● **Work order**: What you should repeat is the run of lines from the top of the listing below through the line with "VIGO Mosaic Framed", exactly, with no pictures.

● **Record set**:
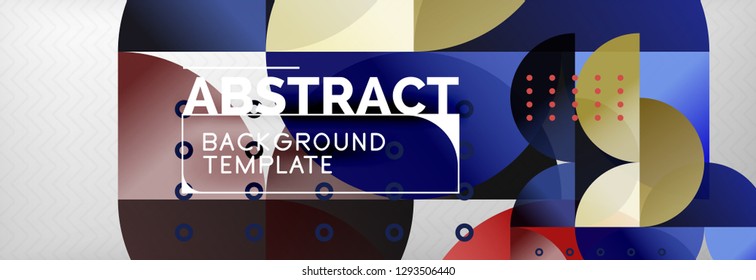 Circles and semicircles abstract background, circle design business template. Vector illustration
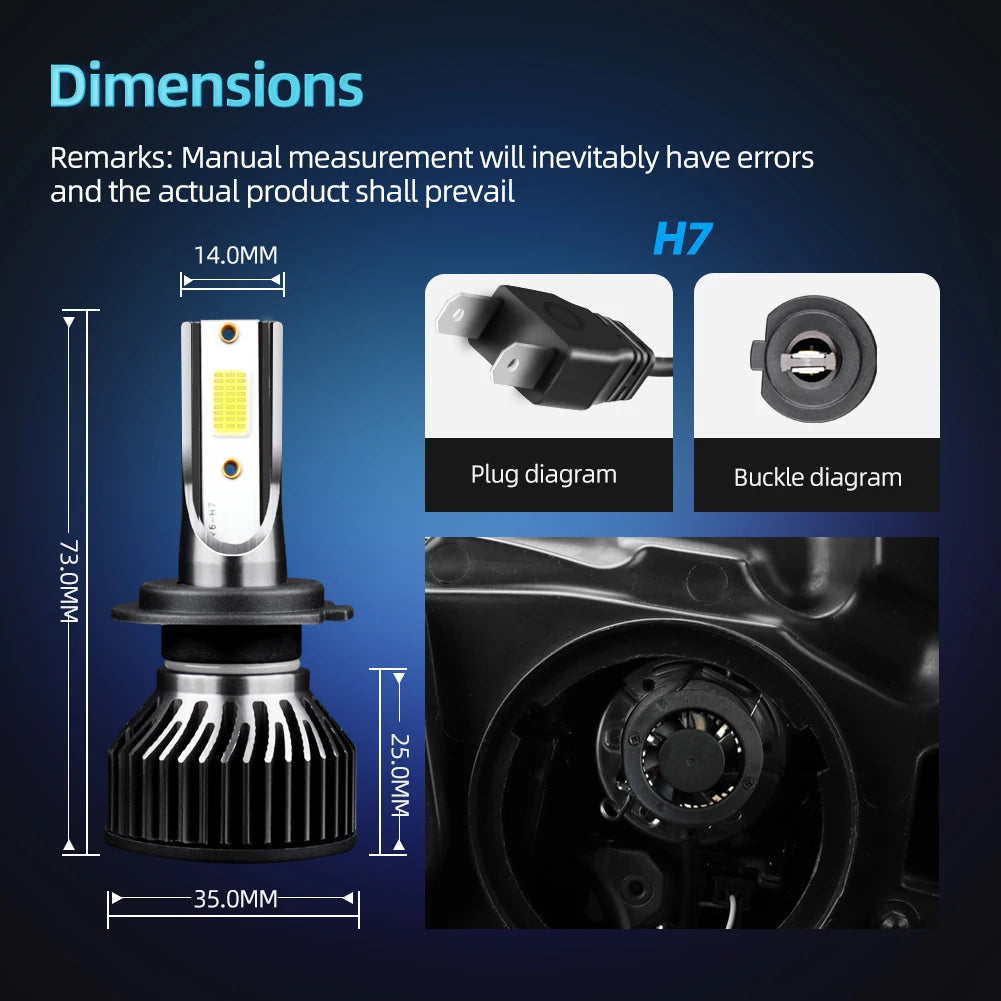 Diagrams and dimensions of an H7 car headlight bulb assembly, showing plug and buckle diagrams.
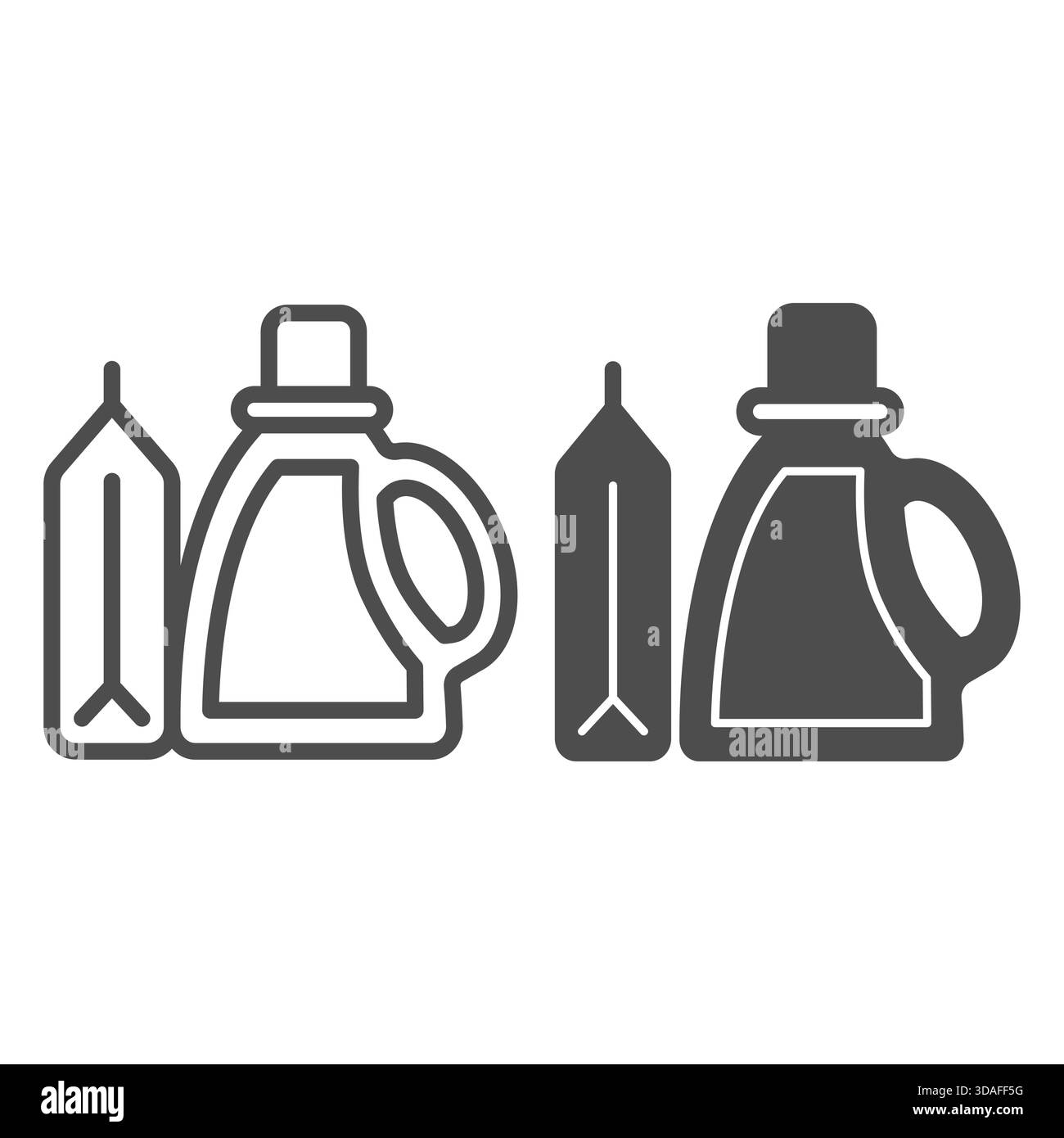 Powder and moisturizer bottle line and solid icon, washing concept ...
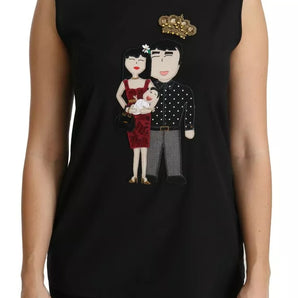 Dolce & Gabbana Black Silk DG Family Crystal Sleeveless Top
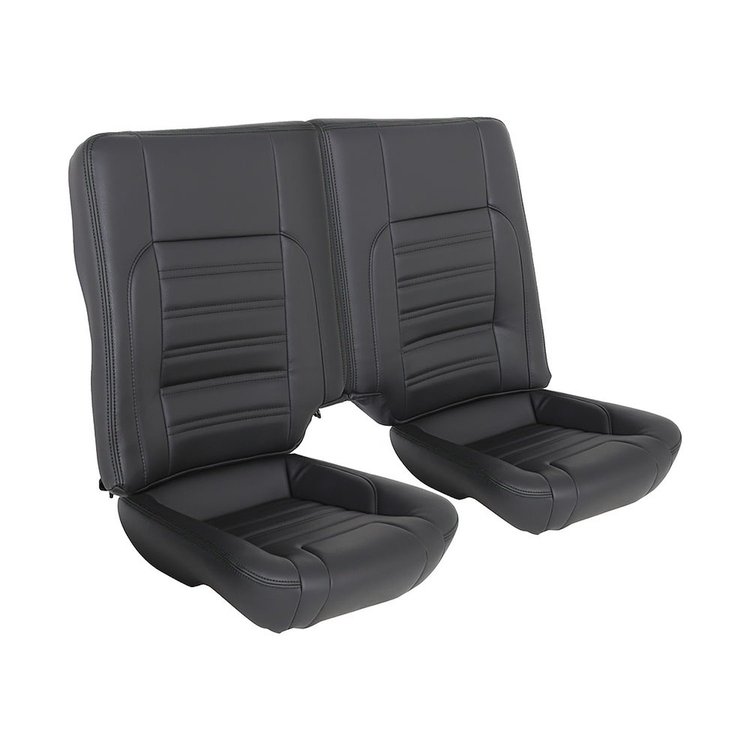46-81550-500-BKS Rear Seat Upholstery, Split Back, 1982-92 Chevy/Pontiac, Camaro/Firebird, Distressed Vinyl W/Black Stitch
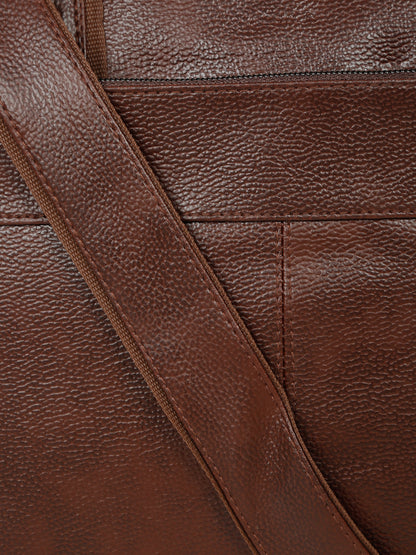 KOSHER Professional Brown Faux Leather Laptop Messenger Bag for Men / Women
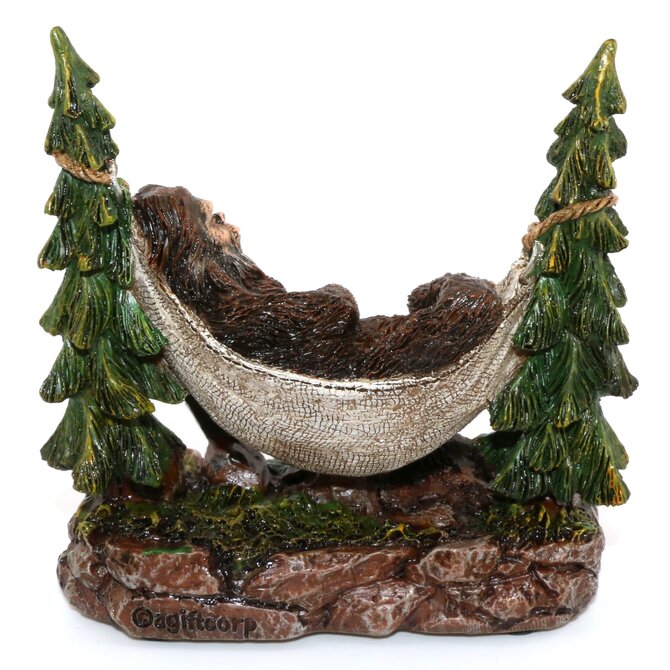 American Gift Corp Figurine - Bigfoot in Hammock 4.25"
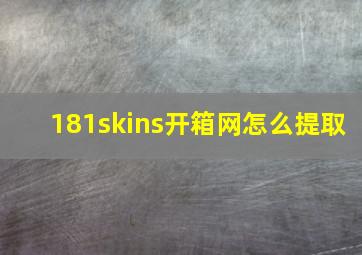 181skins开箱网怎么提取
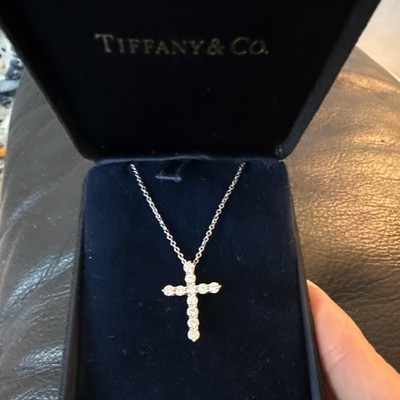 Tiffany & Co. Platinum Diamond .42ct Cross Pendant Small Necklace Box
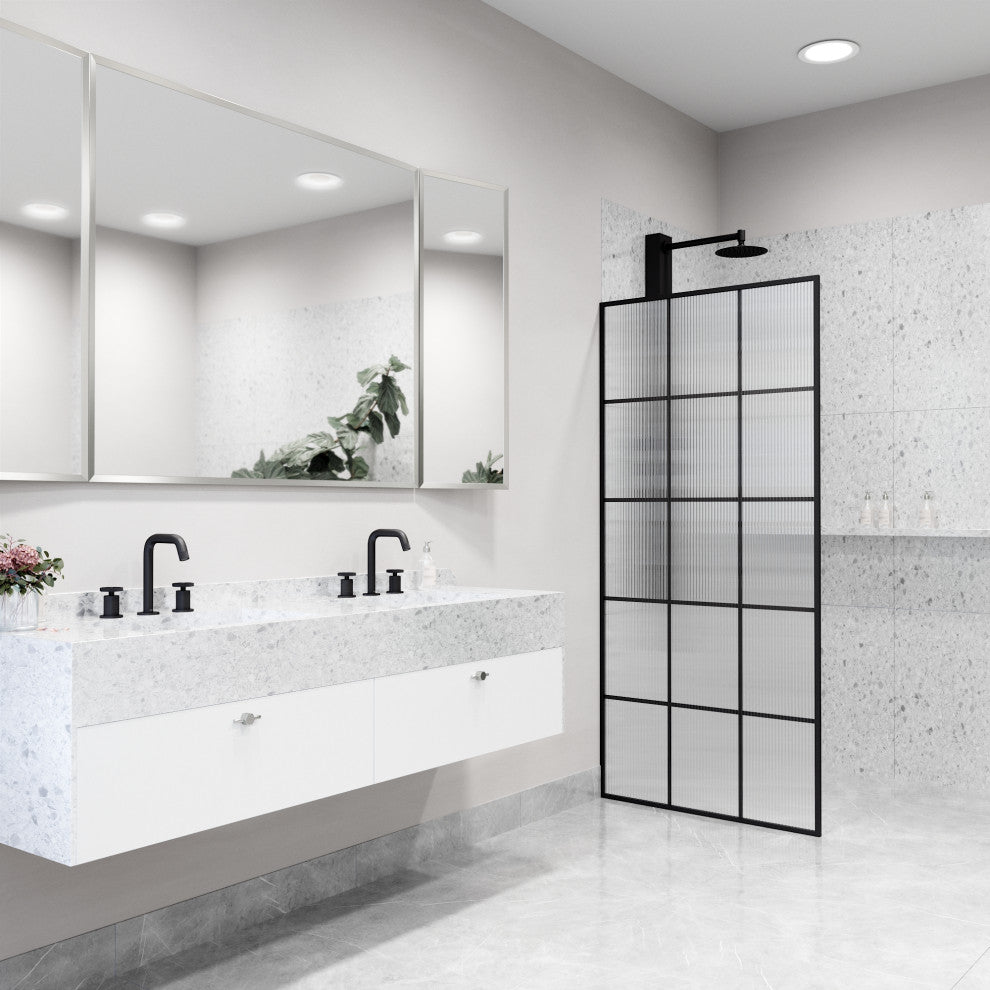 VIGO Mosaic Framed Fixed, Matte Black, Shower Screen, 34" W X 74" H, Fluted Glass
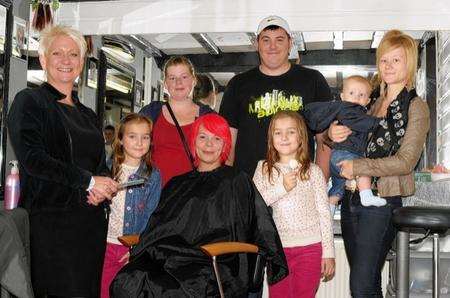 Hairdresser Paula Moore with Sue Robinson and family and friends at Hair Profile, Victory Street, Sheerness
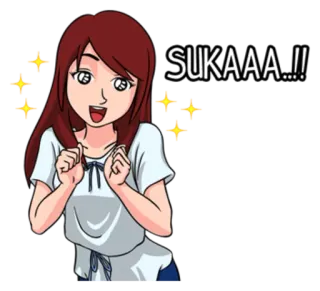 😋 27dada03 SUKAAA!!! mulher, feliz, animada, menina, celebração, positivo telegram sticker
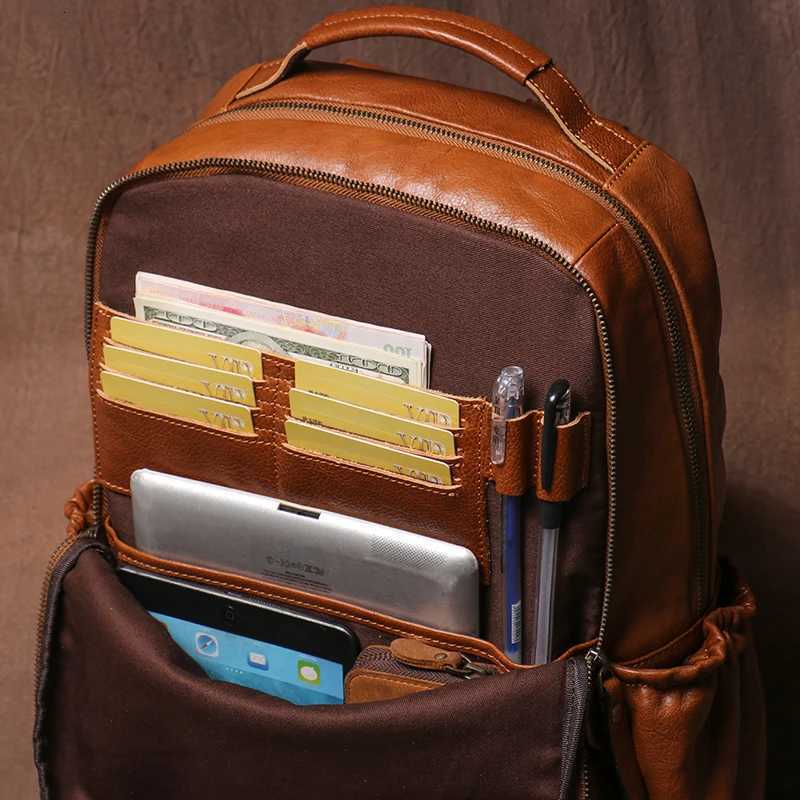 GURO High Quality Genuine Leather Backpack Men Large Capacity Business Travel bag Luxury Student School Bag Laptop Computer Pack W251025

● **Result for this task**:
 Circles and semicircles abstract background, circle design business template. Vector illustration
 Diagrams and dimensions of an H7 car headlight bulb assembly, showing plug and buckle diagrams.
 Powder and moisturizer bottle line and solid icon, washing concept ...
 Dolce & Gabbana Black Silk DG Family Crystal Sleeveless Top
46-81550-500-BKS Rear Seat Upholstery, Split Back, 1982-92 Chevy/Pontiac, Camaro/Firebird, Distressed Vinyl W/Black Stitch
 KOSHER Professional Brown Faux Leather Laptop Messenger Bag for Men / Women
 American Gift Corp Figurine - Bigfoot in Hammock 4.25"
 181skins开箱网怎么提取
 Tiffany & Co. Platinum Diamond .42ct Cross Pendant Small Necklace Box
 VIGO Mosaic Framed Fixed, Matte Black, Shower Screen, 34" W X 74" H, Fluted Glass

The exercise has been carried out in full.